Intitulei esse episódio “os excessos sexuais do negro são um fantasma branco”. Mas nem só de língua portuguesa e brasilianismo eu vivia: lia o jornal Zero Hora e achava hilária a alta moralidade que expressava seu ultraje ali diante de uma música que eu sequer conhecia. Também praticava esportes: levantava pesos diariamente. Durante meus treinos, recebia a visita de dois jovens que se exercitavam em dupla enquanto repetiam refrãos enigmáticos que assaz os divertiam: “tchu-tchu-ca, vem a-qui com seu tigrão, vou te jo-gar na ca-ma e te dar mui-ta pres-são”. Eu me perguntava: que lugar é esse que eles frequentam onde aprendem isso? Na manhã de um sábado preparava-me para cruzar a rua no tranquilo bairro em que meus pais residem quando o sinal fecha, um carro para e as caixas de som explodem em “Bum!” gravíssimo. Segue-se: “vem tchu-tchu-ca lin-da, sen-ta a-qui com seu pre-ti-nho, vou te pe-gar no co-lo e fa-zer mui-to ca-ri-nho”! A fala da patroa, o fantasma do negro tarado, a indignação da Zero Hora e aquele teclado ácido que eu ouvira na Newcastle dos anos 1990 adquiriam súbito sentido.

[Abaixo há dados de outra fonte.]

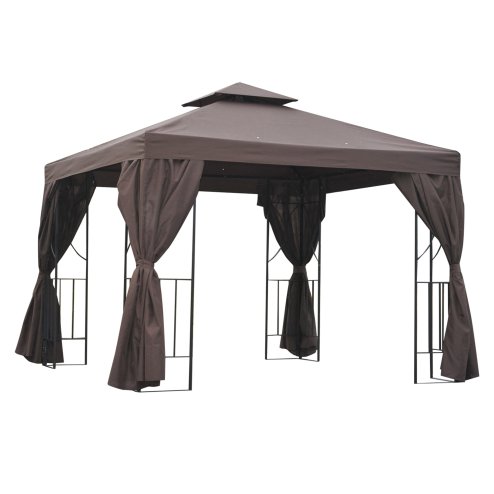 Outsunny 3 x 3 m Garden Gazebo Double-Roof Marquee Patio Wedding Party Tent Canopy Shelter with Sidewalls (Brown)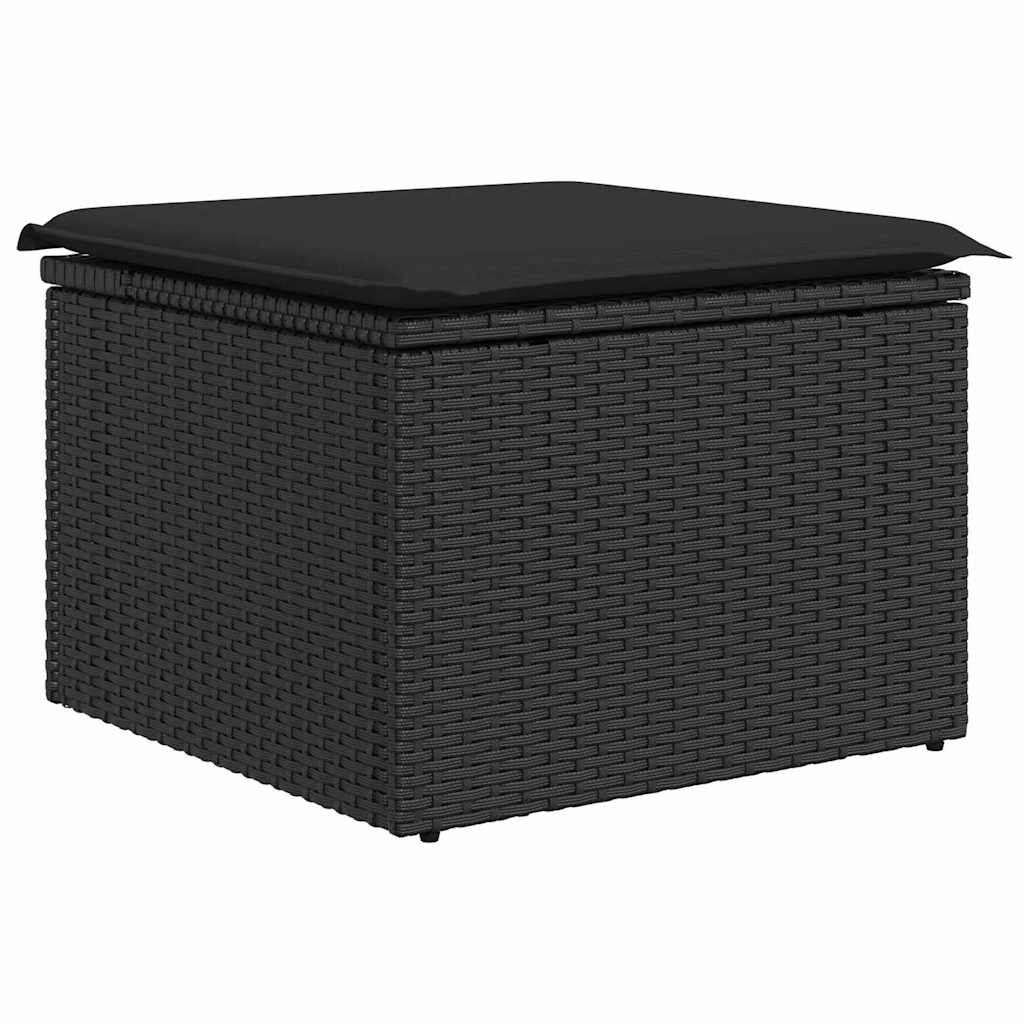 Kerti Kanapé Szett 6 pcs Fekete polirattan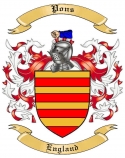 Pons Family Crest from England
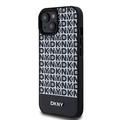 iPhone 15 DKNY Repeat Pattern Bottom Stripe Deksel - MagSafe-kompatibel - Svart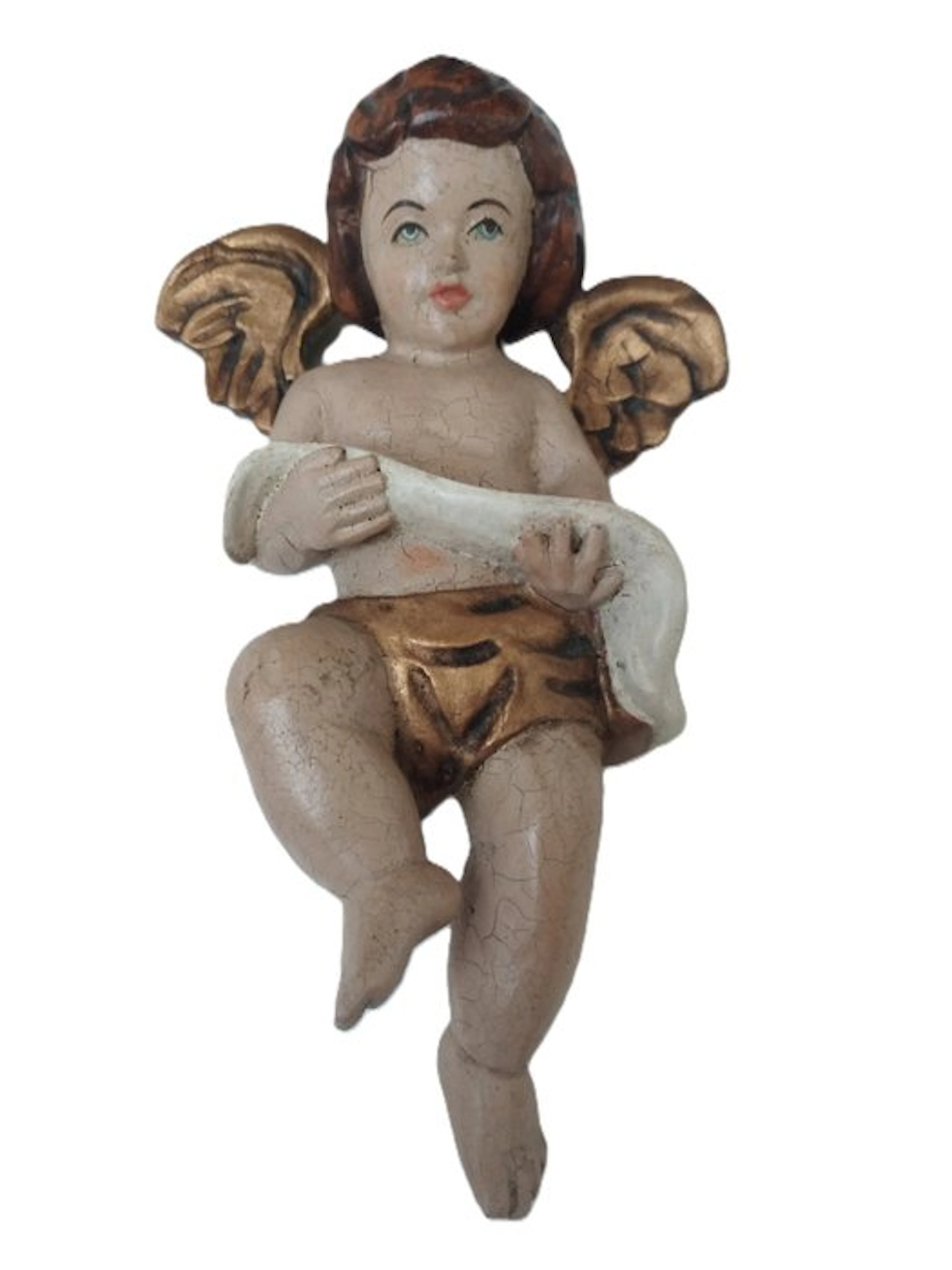 Carving, farbiger Engel mit Notenschleife - Amor...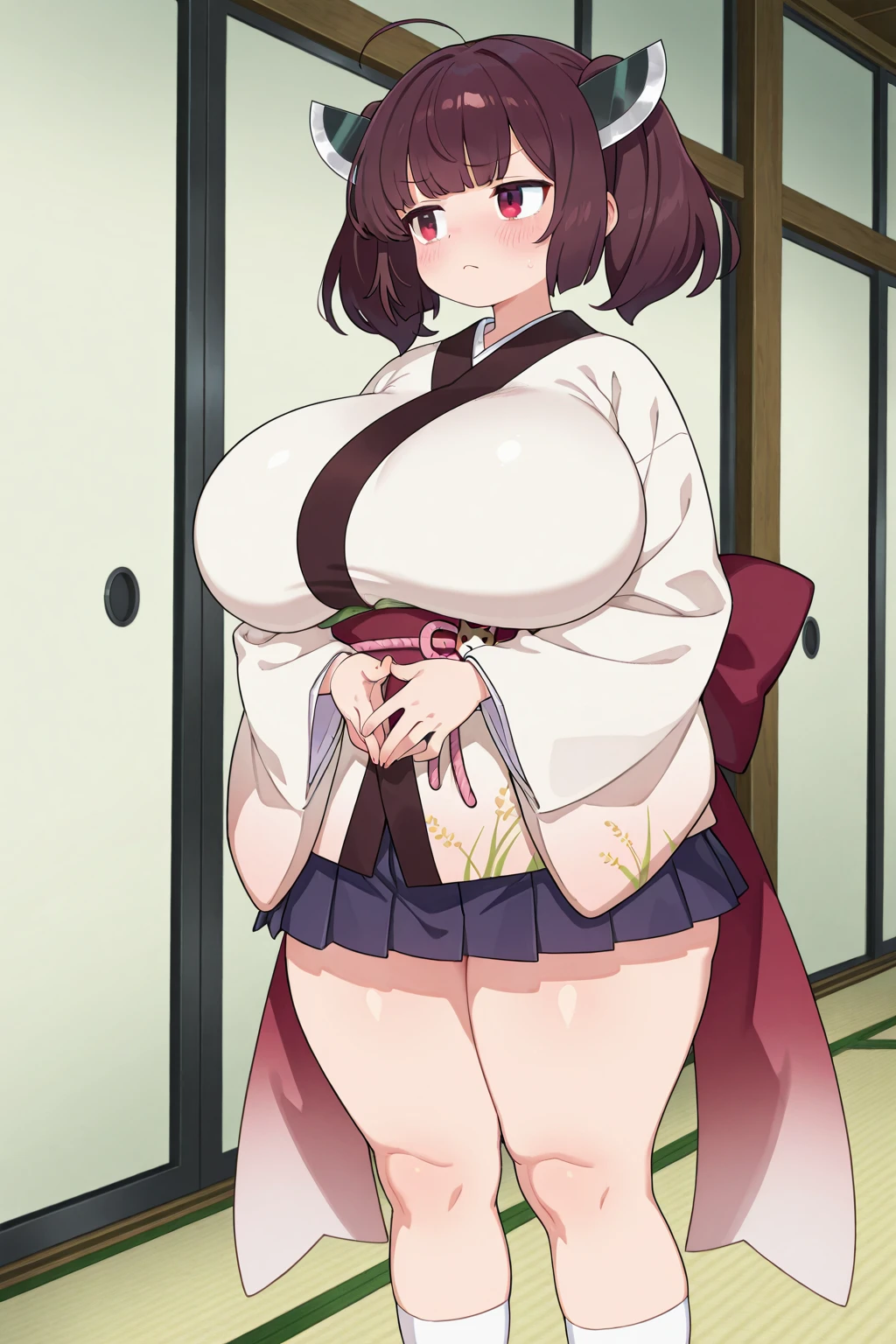 son,1womanl, (tmasterpiece: 1.3),Beautiful mature woman Japan woman, Detailed finger, beautifull hands, hyper realisitc, 1womanl, (drooping chest, Bewitching body: 1.2) brunette color hair: 1.1, Super Detailed Face, Detailed lips, Detailed eyes, 二重まぶた,Colossal breasts wrapped in pink transparent belly pockets leak out,Has a deep V-bust,Visible transparent pink belly pocket,Visible transparent pink lace panties,The rope at one end of the panties is untied and seems to fall off,Leakage of ,covering breasts with hands,Super plump and firm big breasts , Horizontal posture, Visible curves,full body1:1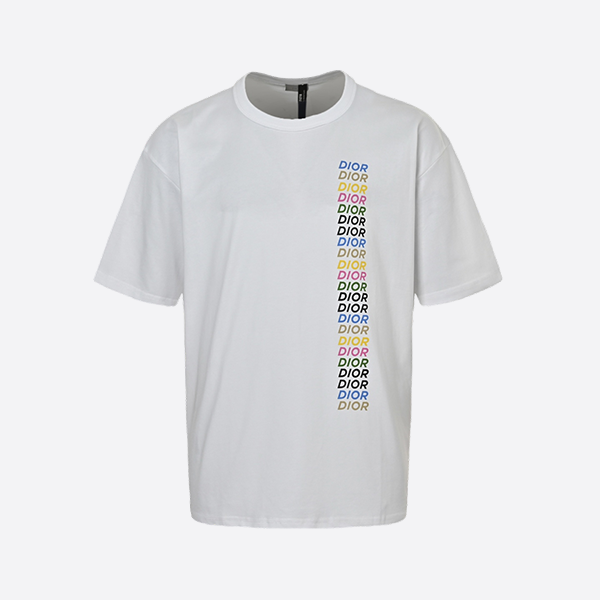 Dior 24ss colorful oblique letter print short sleeves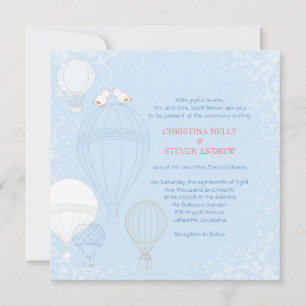 Invitation Balloons à air chaud Ressort bébé Mariage bleu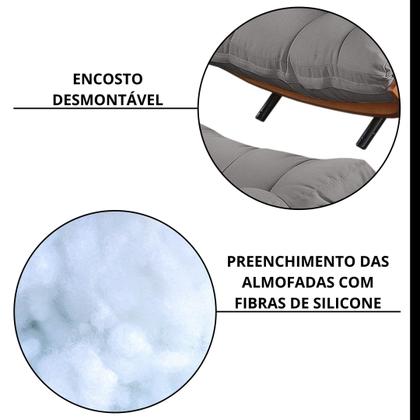 Imagem de Poltrona com Puff Costela Linho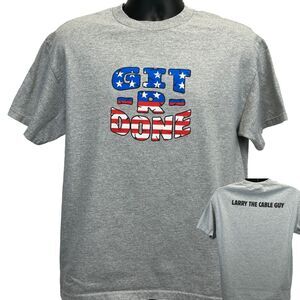 Vintage Y2Ks Larry the Cable Guy Git R Done T Shirt Mens L Large Gray Comedian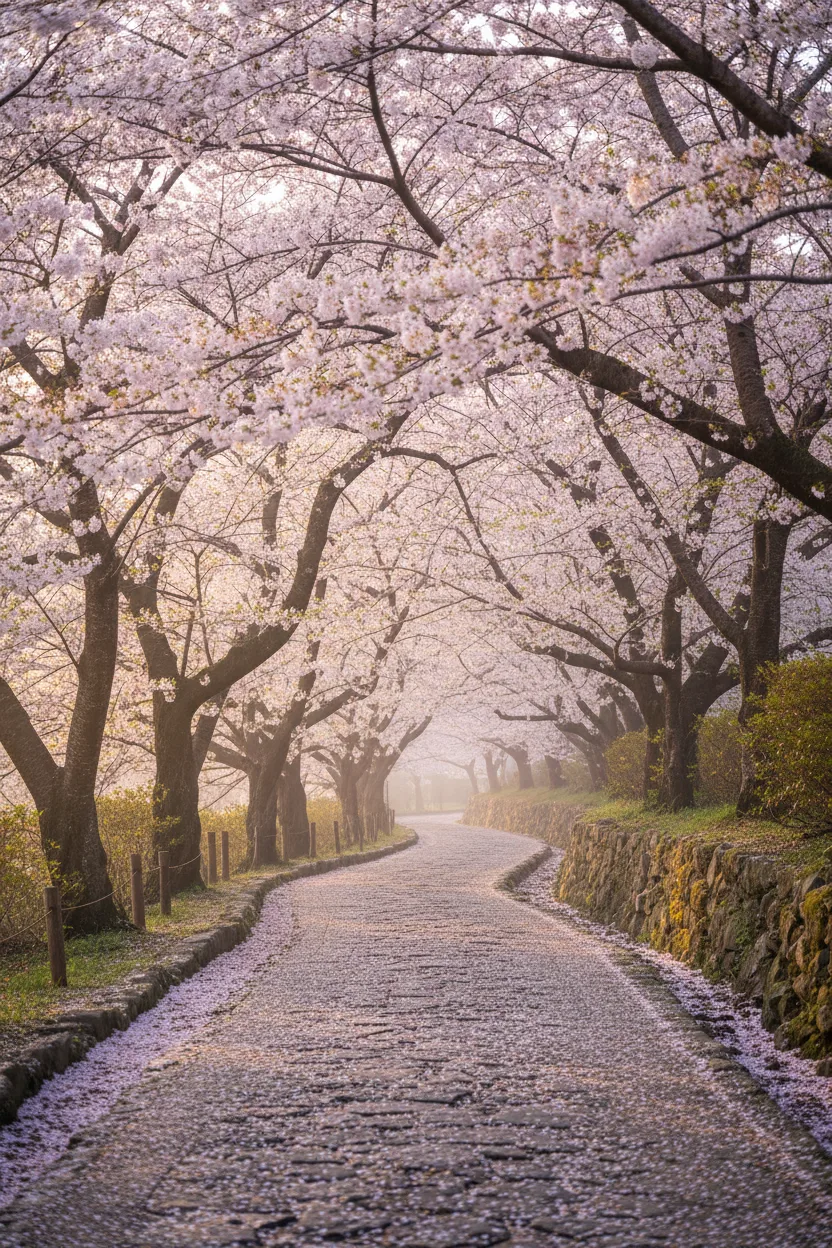 A real photograph of a Kyoto path beneath cherry blossom trees in full bloom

Eu descobrira por iluminação instantânea o funk carioca e meu tema de pesquisa. “Deus escreve certo por linhas tortas”, diz o provérbio popular. “O Progresso faz caminhos retos, mas os caminhos tortos, sem Progresso, são caminhos de Gênio”, diz William Blake. Minha pergunta de 1985 poderia ter tido resposta direta se eu houvesse escutado o electro de Nova York ou a house de Chicago nascentes. O desvio pela música concreta me permitiria estudar o primeiro gênero brasileiro de música eletrônica dançante numa perspectiva única e atender assim à solicitação da Capes, finalmente.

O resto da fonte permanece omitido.